Moris: The CRA requires you to manage security throughout the entire container supply chain, from base image to application layers to runtime. The ‘golden image’ approach can work, but only if:
- Your golden images are built from verified, secure components
- You have complete SBOMs for every layer
- You have a process to rebuild and redeploy when base images are patched
- You’re monitoring what’s actually running, not just what you shipped
Think of container security like food safety. Scanning the final meal isn’t enough, you need to verify every ingredient, track where it came from, and know if any of those ingredients get recalled after you’ve served the dish.
Question 6: Reporting Deadlines
Q: That 24-hour reporting deadline for actively exploited vulnerabilities is causing a lot of anxiety. How can a manufacturer possibly know if a vulnerability in a third-party library is being exploited in the wild?
Moris: This is where external intelligence sources become critical, you can’t know this through scanning alone.
You’ll never have perfect visibility. But you can demonstrate due diligence, that you’re monitoring credible sources, acting on intelligence, and documenting your response. That’s what the CRA expects.

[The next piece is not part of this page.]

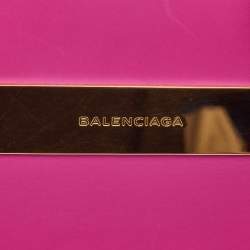 مملوكة مسبقًا Balenciaga Pink Leather Cable Strap Tote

Question 7: Reactive vs. Proactive
Q: Given all these challenges, what’s the difference between a reactive ‘scan and patch’ approach and a proactive one? How does starting with a secure, curated catalog of open source components change a company’s entire CRA compliance posture?
Moris: In a reactive approach, teams wait for vulnerabilities to be published, scan code, patch what’s broken, and repeat.
With a proactive approach, teams start with components that are already vetted, secure, and maintained so you’re remediating exceptions rather than constantly firefighting.
Starting with a curated, secure catalog of components helps you start secure and stay secure. Instead of pulling random packages from npm, PyPI, or Maven Central where you inherit whatever vulnerabilities exist at that moment, you instead source from a catalog where:
- Components are built from source (provenance verified)
- Vulnerabilities are identified before you consume them
- Security patches are tested and validated
- SBOMs are generated automatically
At ActiveState, our catalog has 40M+ open source components that are continuously monitored, rebuilt from source when vulnerabilities are discovered, and maintained with security as a first-class concern.
Question 8: Action Plan
Q: If a CISO or Head of Engineering reading this can only get their team to do *one thing* differently this month to prepare for the CRA, what should it be?
Moris: The most important thing I would recommend they do this month is: Run a CRA readiness gap analysis!
Get your security lead, a senior developer, and someone from legal/compliance in a room and ask the below questions and document the answers honestly:
- Can we generate a complete, accurate SBOM for our flagship product right now?
- Do we know which of our open source components have unpatched critical vulnerabilities?
- Do we have a defined process for prioritizing and remediating those vulnerabilities?
- Could we report an actively exploited vulnerability to ENISA within 24 hours if we discovered it tomorrow?
- Do we have documentation that demonstrates our security-by-design practices?